We will first create the observation specification, the models, the agents, and the environment. The entities will not need to be created explicitly as they will be generated by the environment.
def setup() -> Treasurehunt:
"""Set up all the whole environment and everything within."""
# object configurations
world_height = 10
world_width = 10
gem_value = 10
spawn_prob = 0.002
agent_vision_radius = 2
# make the agents
agent_num = 2
agents = []
for _ in range(agent_num):
observation_spec = OneHotObservationSpec(
ENTITY_LIST, vision_radius=agent_vision_radius
)
observation_spec.override_input_size(
np.array(observation_spec.input_size).reshape(1, -1)
)
action_spec = ActionSpec(["up", "down", "left", "right"])
model = PyTorchIQN(
# the agent can see r blocks on each side, so the size of the observation is (2r+1) * (2r+1)
input_size=observation_spec.input_size,
action_space=action_spec.n_actions,
layer_size=250,
epsilon=0.7,
device="cpu",
seed=torch.random.seed(),
num_frames=5,
n_step=3,
sync_freq=200,
model_update_freq=4,
BATCH_SIZE=64,
memory_size=1024,
LR=0.00025,
TAU=0.001,
GAMMA=0.99,
N=12,
)
agents.append(
TreasurehuntAgent(
observation_spec=observation_spec, action_spec=action_spec, model=model
)
)
# make the environment
env = Treasurehunt(
world_height, world_width, gem_value, spawn_prob, MAX_TURNS, agents
)
return env
Then, we will run the experiment. Most of the work here is done by calling GridworldEnv.take_turn(),
which transitions every entity in the environment, then every agent, then increments the turn count by one.
In addition to printing information about each recording period on the terminal,
we also use functions from sorrel.utils.visualization to record states as images and animate them into a gif.
def run(env: Treasurehunt):
"""Run the experiment."""
imgs = []
total_score = 0
total_loss = 0
for epoch in range(EPOCHS + 1):
# Reset the environment at the start of each epoch
env.reset()
for agent in env.agents:
agent.model.start_epoch_action(**locals())

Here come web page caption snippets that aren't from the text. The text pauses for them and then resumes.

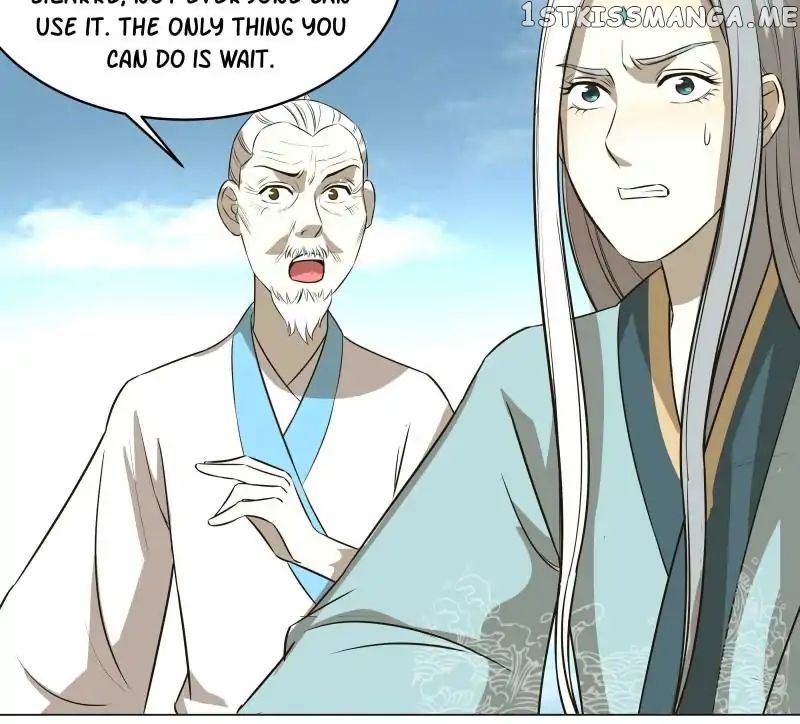 The Crazy Adventures of Mystical Doctor chapter 18 - page 24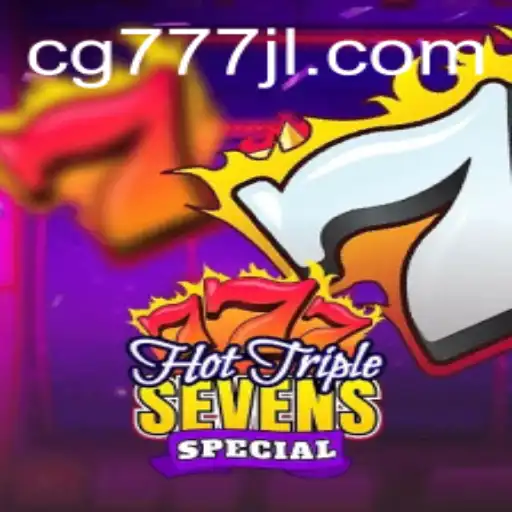 Unveiling HotTripleSevensSpecial: A Thrilling Slot Adventure with cg777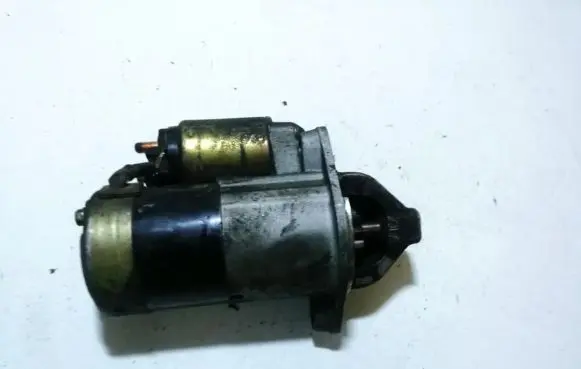 Hyundai Tucson JM Starter motor 3610023160 1250299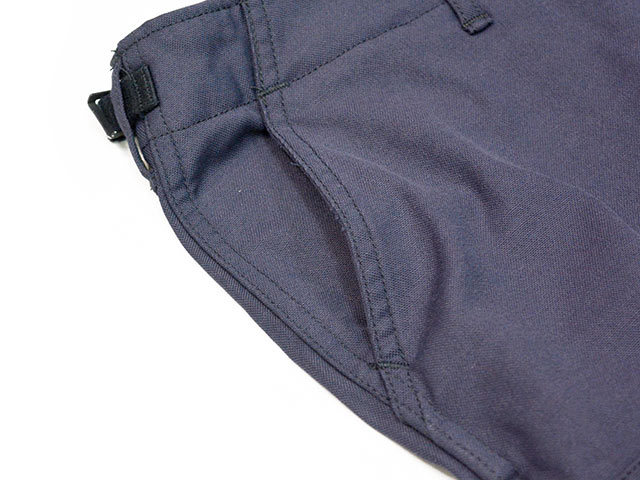 FREE WHEELERS/フリーホイーラーズ】2026SS「TACTICAL OMNI TROUSERS
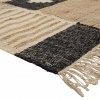 Bloomingville CANSEL Dywan Wełniany i Juty 245 cm
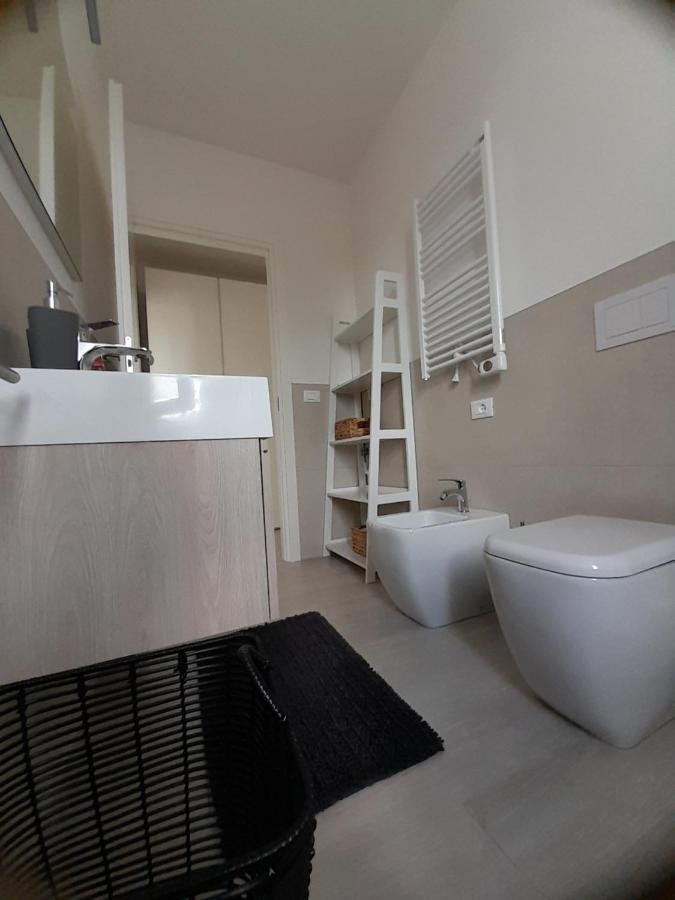 Ca' Savio Terramare Apartment Cavallino-Treporti Exterior photo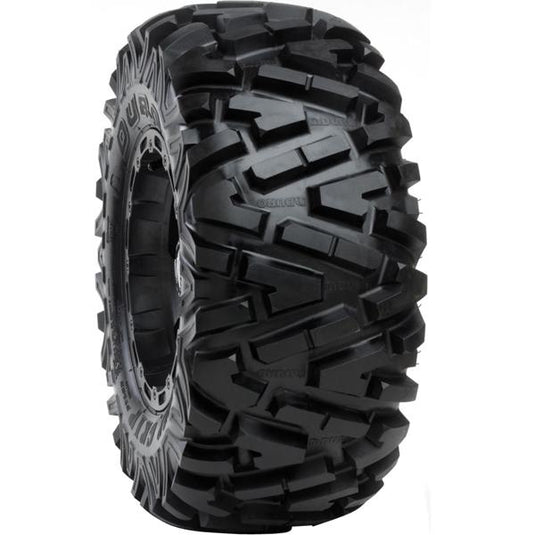 Duro 31-202514-2610C DI2025 Power Grip Front/Rear Tire - 26x10Rx14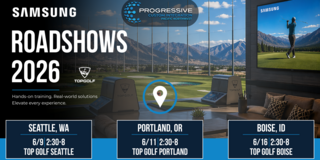 Samsung Roadshow - Seattle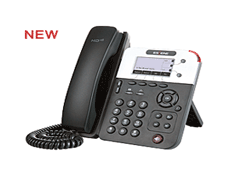 Escene ES290 Enterprise Phone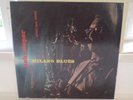 BOB COOPER /MILANO BLUES / MUSIC /VERY RARE ITALY ORIG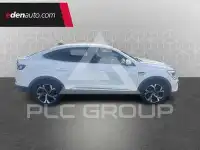 2024 Renault Arkana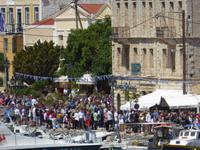 Symi &ndash; &copy; Sabine Letzybyll (Eberhardt TRAVEL)
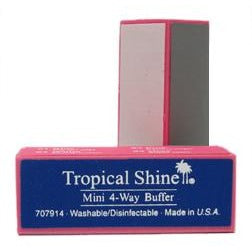 Tropical Shine - #707914 Mini 4-Way Buffer Block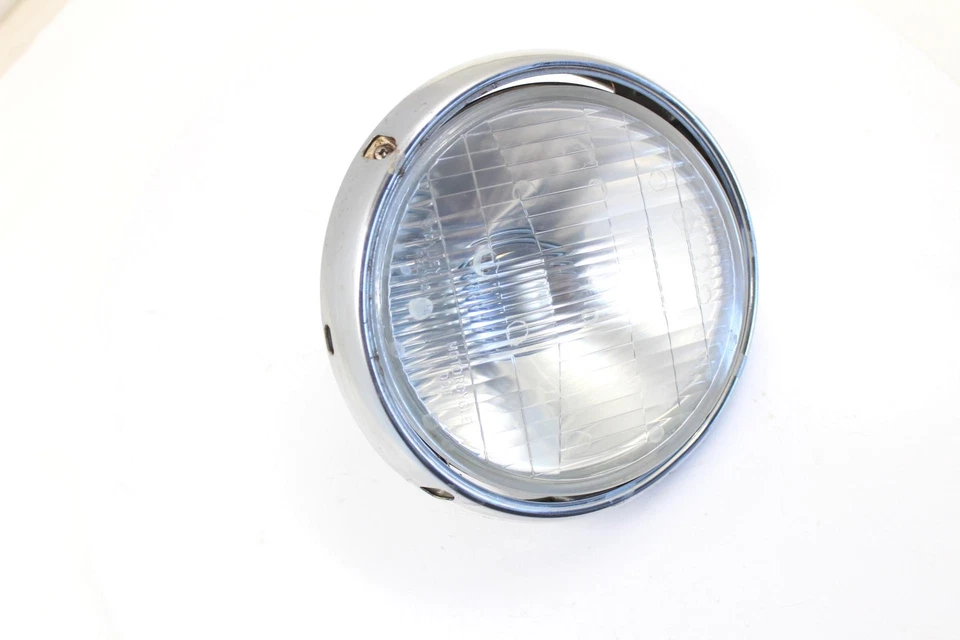 Suzuki GZ250 2003 OEM faro único faro faro luz Foto 1 de 4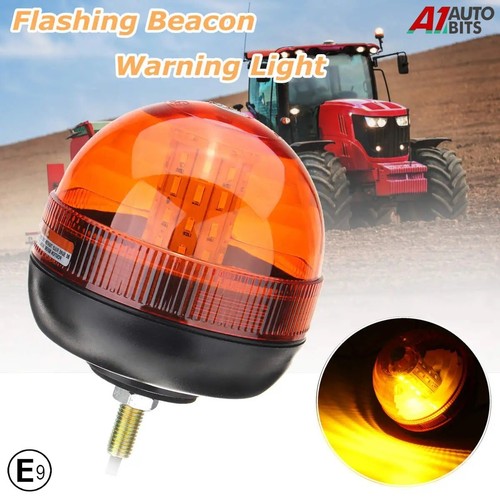 Lampeggiante faro luce led - lampeggiante,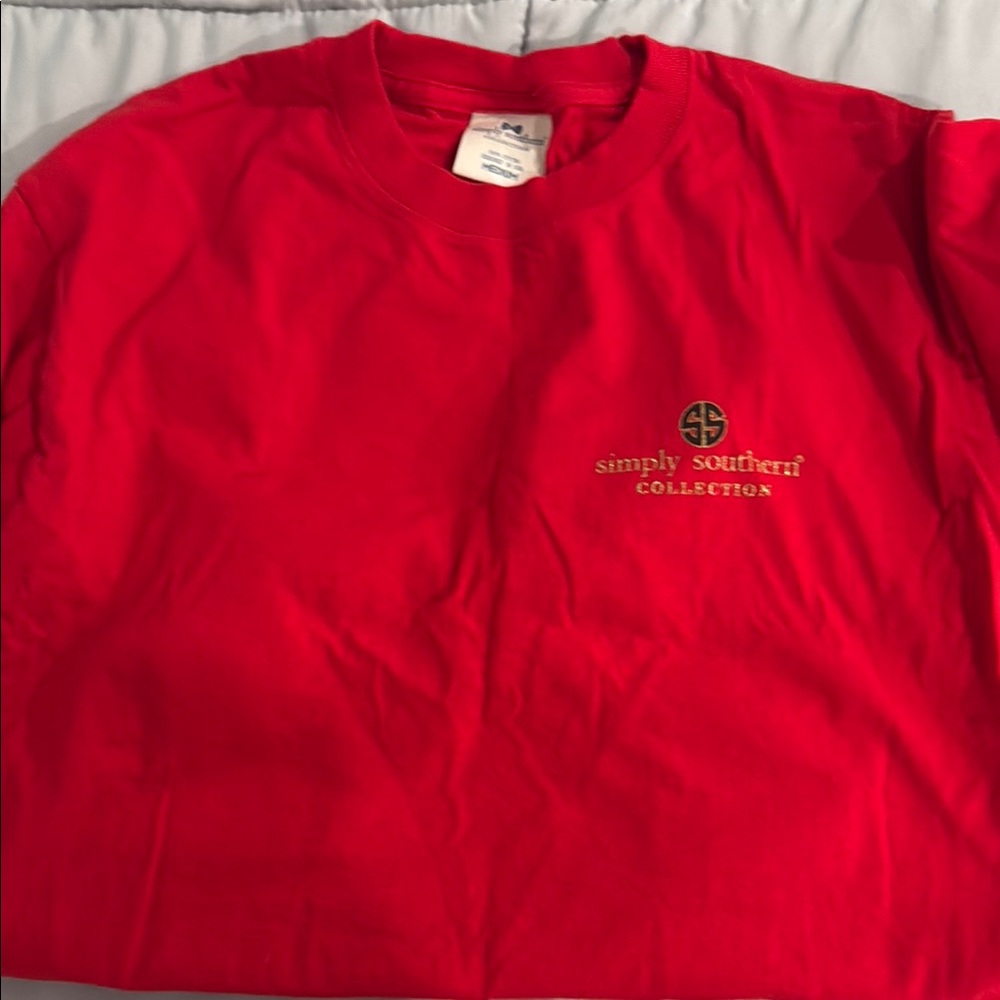 Long sleeve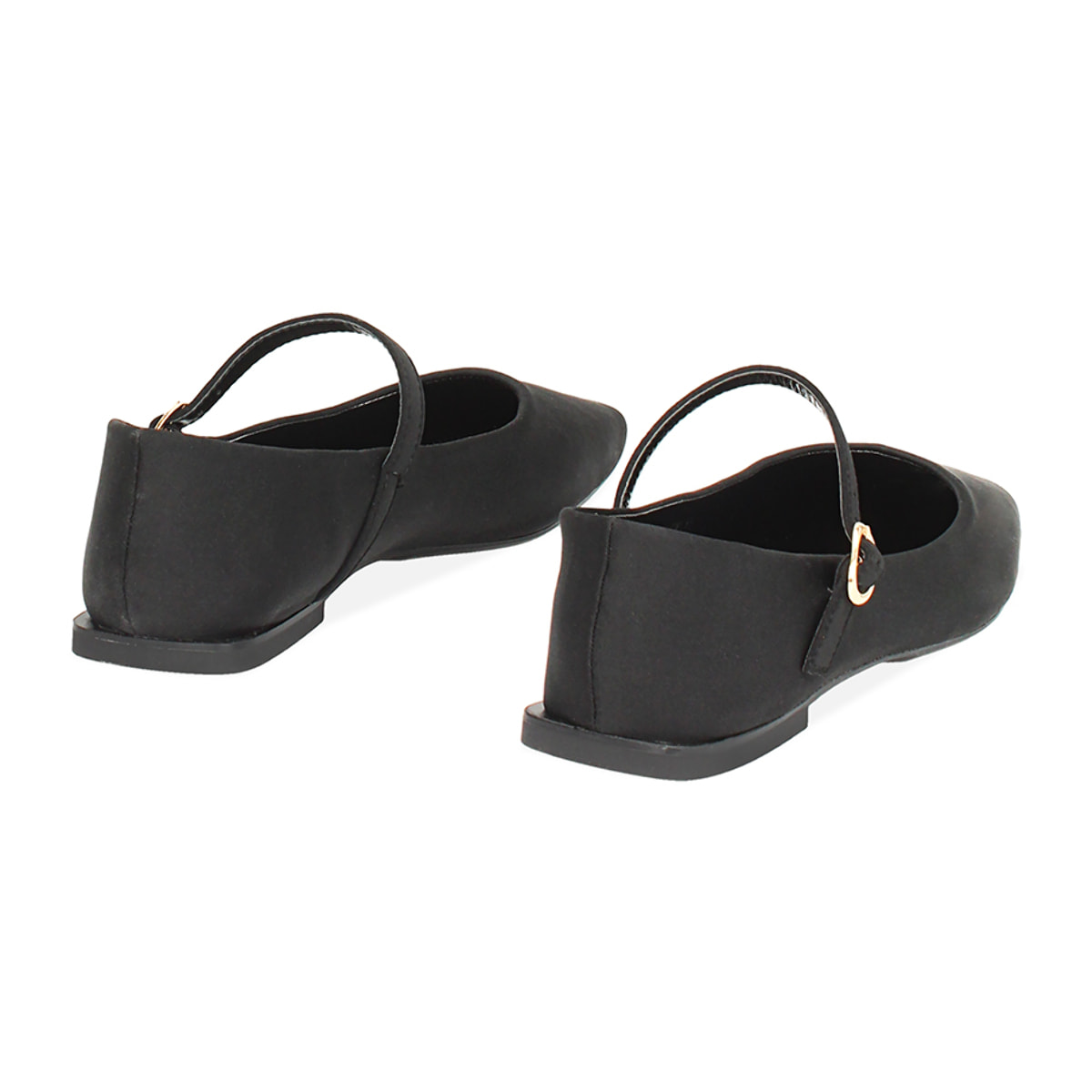 Ballerine donna nere chic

while not env.turn >= env.max_turns:
if epoch % RECORD_PERIOD == 0:
full_sprite = visual_field_sprite(env)
imgs.append(image_from_array(full_sprite))
env.take_turn()
# At the end of each epoch, train as long as the batch size is large enough.
if epoch > 10:
for agent in env.agents:
loss = agent.model.train_step()
total_loss += loss
total_score += env.game_score
if epoch % RECORD_PERIOD == 0:
avg_score = total_score / RECORD_PERIOD
animate(
imgs, f"treasurehunt_epoch{epoch}", Path(__file__).parent / "./data/"
)
# reset the data
imgs = []
total_score = 0
total_loss = 0
# update epsilon
for agent in env.agents:
new_epsilon = agent.model.epsilon - EPSILON_DECAY
agent.model.epsilon = max(new_epsilon, 0.01)
Finally, write the main block:
if __name__ == "__main__":
env = setup()
run(env)
And we’re done! You can run this script from command line, and see the animations in treasurehunt\data.